After his opening sets of statements, Ek brings up and clearly addresses three big misconceptions about how Spotify works, how much Spotify pays, and what the streaming service will to do the future of music and the artists who create it.
Ek draws out and dispels myth number one: free music for fans means artists don’t get paid by explaining how Spotify uses a blended model of “freemium” that allows vast majority of music listeners to listen for free, knowing that users would eventually want and be willing to pay for the full freedom offered by Spotify’s premium tier. This blended “freemium” doctrine upheld by Spotify has resulted in a 12.5 million subscribers each paying $120 per year. That’s three times more than the average paying music consumer spent in the past.
Myth number two states that since Spotify pays, it pays so little per play that nobody could ever earn a living from it. Ek defends Spotify under this myth by saying, “if a song has been listened to 500 thousand times on Spotify, that’s the same as it having been played one time on a U.S. radio station with a moderate sized audience of 500 thousand people. Which would pay the recording artist precisely … nothing at all. But the equivalent of that one play and its 500 thousand listens on Spotify would pay out between three and four thousand dollars.”
The last myth Ek brings forward is the myth that Spotify hurts sales, both in downloads and physical. Ek insists that artists like Ed Sheeran, Ariana Grande, Lana Del Rey, and alt-J have promoted their new releases on Spotify and had terrific sales and lots of streaming, too. Also, artists like Daft Punk, Calvin Harris and Eminem have had number ones and were on Spotify at the same time as well.

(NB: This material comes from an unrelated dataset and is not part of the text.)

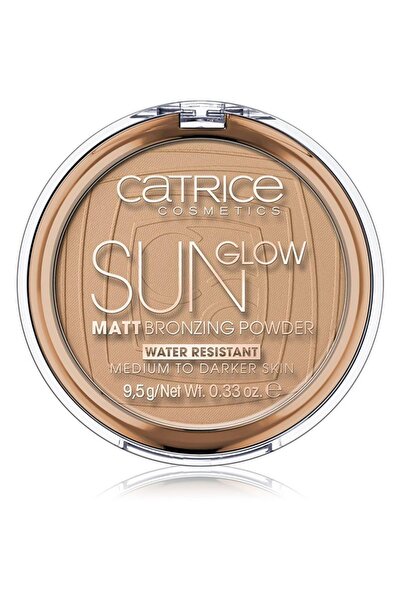 Catrice Sun Glow, Pudră compactă bronzantă, 035, Bronz universal, 9.5 g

Ek drives the point home that Spotify is a genuine and legitimate music streaming service by remarking that Spotify’s interests are totally aligned with artists and listeners. He invites those who don’t believe that that is their goal, to look at Spotify’s business of maximizing the value of music. Spotify uses music to get people to pay for music, and pays nearly 70% of all the revenue back to the listener. Ek excitedly admits, “we’re getting fans to pay for music again. We’re connecting artists to fans they would never have otherwise found, and we’re paying them for every single listen. We’re not just streaming, we’re mainstreaming now, and that’s good for music makers and music lovers around the world.”